EBITDA should not be construed as an alternative to operating income or net
income (as determined in accordance with generally accepted accounting
principles) as an indicator of the Company's operating performance, or as an
alternative to cash flows generated by operating, investing and financing
activities (as determined in accordance with generally accepted accounting
principles) as an indicator of cash flows or a measure of liquidity. All
companies do not calculate EBITDA in the same manner. As a result, EBITDA as
presented here may not be comparable to a similarly titled measure presented
by other companies.
8
<PAGE>
Item 2. Management's Discussion and Analysis of Financial Condition and
Results of Operations (Continued)
Results of Operations (Continued)
Three Months Ended September 30, 2000 Compared to Three Months Ended September
30, 1999 and Nine Months Ended September 30, 2000 Compared to Nine Months Ended
September 30, 1999
Net revenues in the quarter ended September 30, 2000 were $99.6 million
compared to $88.4 million in the same quarter in 1999, an increase of 12.6%
primarily due to the opening of our newest hotel-casino, the Suncoast, on
September 12, 2000. Operating revenues at our other three properties increased a
combined 4.1%, including an increase of 3.1% in casino revenues.

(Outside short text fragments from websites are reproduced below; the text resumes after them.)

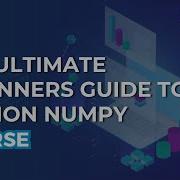 Course The Ultimate Beginners Guide To Python NumPy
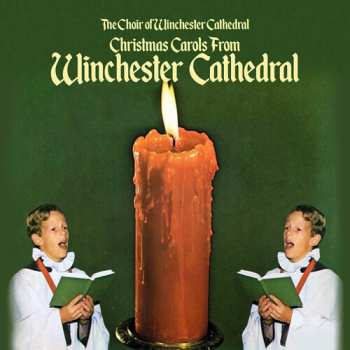 Album Winchester Cathedral Choir: Christmas Carols From Winchester Cathedral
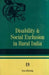 Disability And Social Exclusion In Rural India  by Insa Klasing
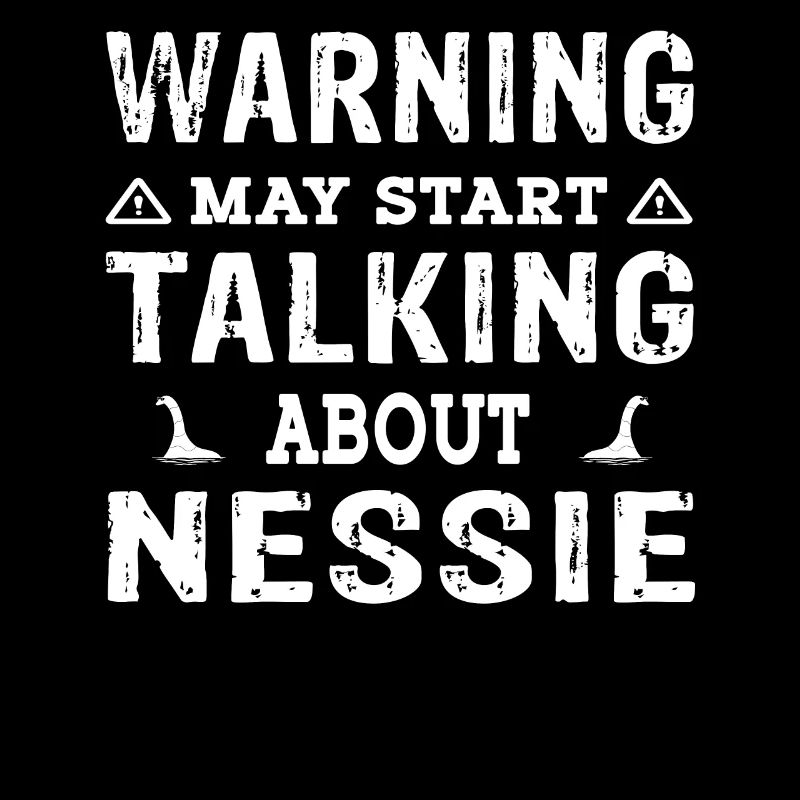 Warning may start talking about Nessie
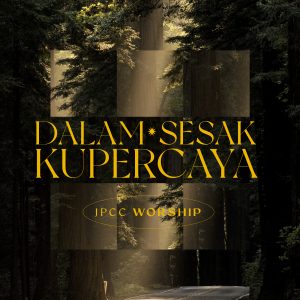 Rilis Lagu Rohani Terbaru JPCC Worship: Dalam Sesak Kupercaya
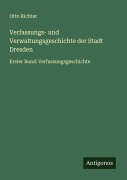 Cover-Bild zum Titel 'Verfassungs- und Verwaltungsgeschichte der Stadt Dresden' von 'Otto Richter'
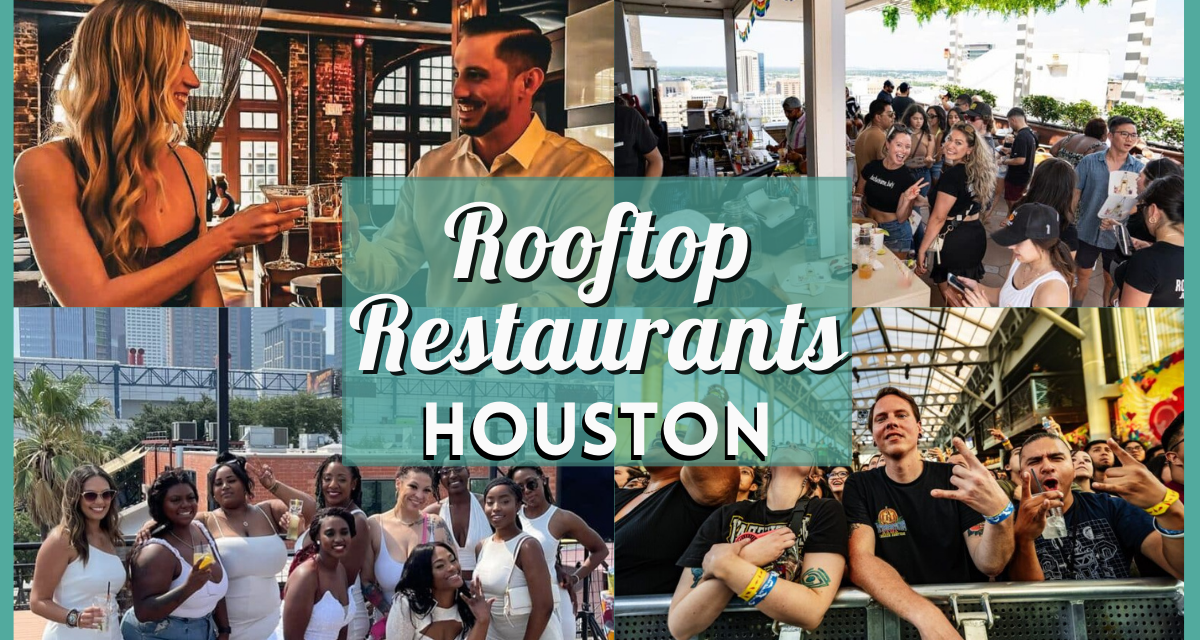 Rooftop Restaurants Houston – Elevate Your Dining Experience in H-Town!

Despite the
increase in net operating revenues, third quarter operating income increased
only 5.4% due to Suncoast pre-opening expenses that totaled $4.7 million.
Operating income was $10.4 million in the quarter compared to $9.8 million in
the third quarter of 1999. Net income was $3.1 million in the quarter, compared
to $3.5 million in 1999.
In the nine months ended September 30, 2000, net revenues were $293.7
million compared to $267.0 million in the first nine months of 1999, an increase
of 10.0%, primarily due to improved casino revenues at the Orleans, the Gold
Coast and the Barbary Coast as well as the opening of the Suncoast in September.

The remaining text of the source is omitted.